The “cartel” that sets prices for potash began to unravel at the end of July in Russia, causing market value to plunge. This is good news for farmers, not so good news for potash miners. The announcement by Russian potash producer Uralkali that it would withdraw from its sales partnership with Belarusian Potash Co. (BPC) attracted attention and agitated a somewhat calm sector of the mining business.
According to Uralkali’s CEO Vladislav Baumgertner, the company’s cooperation with its “Belarusian partner” had reached a deadlock.

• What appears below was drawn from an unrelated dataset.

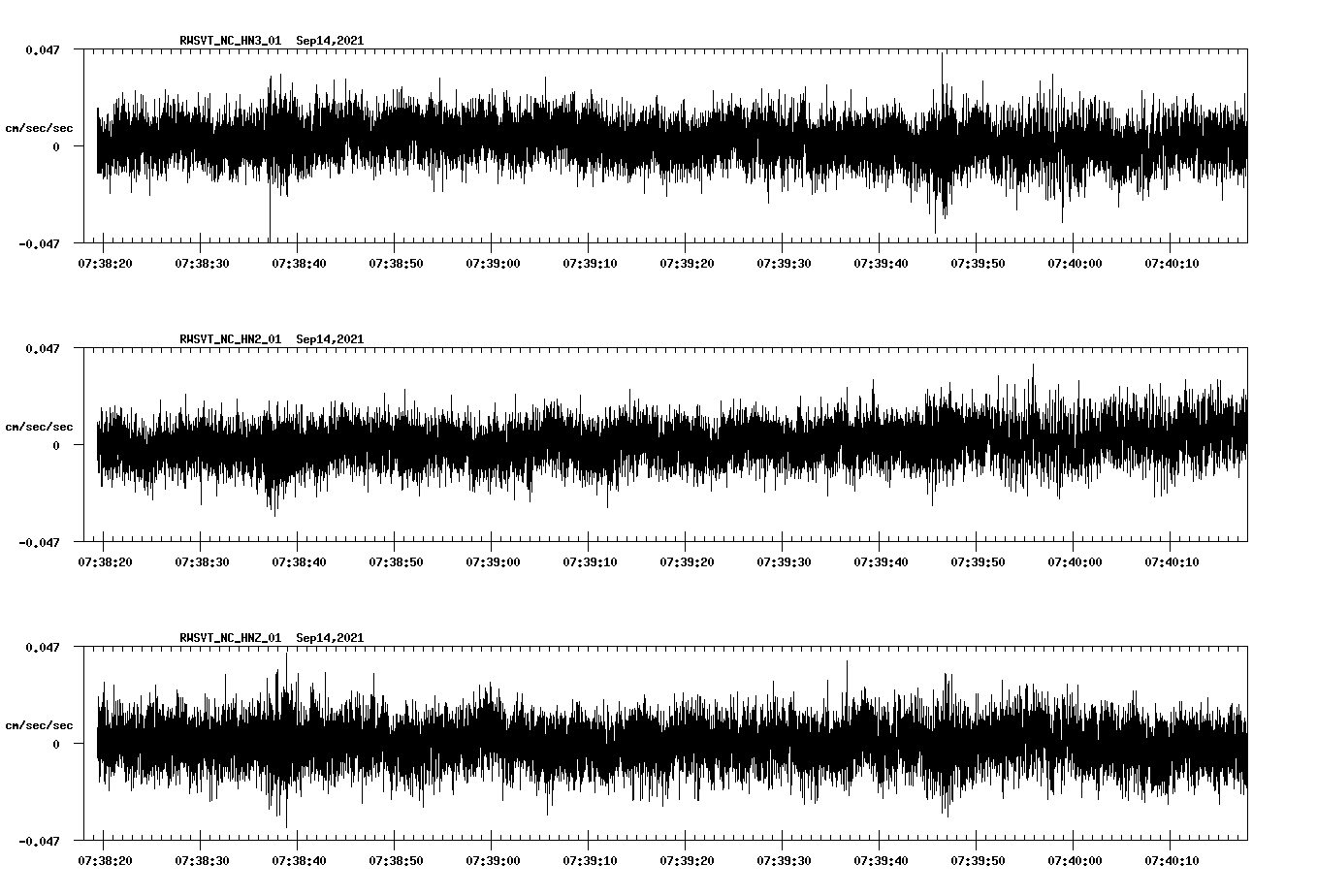 waveform image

He said Belaruskali had made a number of deliveries outside of the partnership with BPC and that violated the underlying principles of their agreement. “We have repeatedly informed our Belarusian partners that such actions were unacceptable and they have ultimately destroyed the fundamentals of our prolonged fruitful cooperation,” Baumgertner said.
Uralkali currently produces about 20% of the world’s potash. The company will no longer limit production and it will now export product through its own subsidiary, Uralkali Trading. The company operates five mines and seven processing facilities situated in the towns of Berezniki and Solikamsk (Perm Territory, Russia).
The announcement had an immediate negative effect on share prices for publicly listed potash mining companies. The trading of Uralkali shares was briefly suspended in Moscow after falling 20%. In the short term, the decision could also drive potash prices lower. Uralkali itself forecast that the move could cause potash prices to drop 25% to roughly $300 per metric ton (mt). Uralkali and BPC had been partners for eight years and during that period saw potash prices rise as high as $900/mt just before the global financial crisis.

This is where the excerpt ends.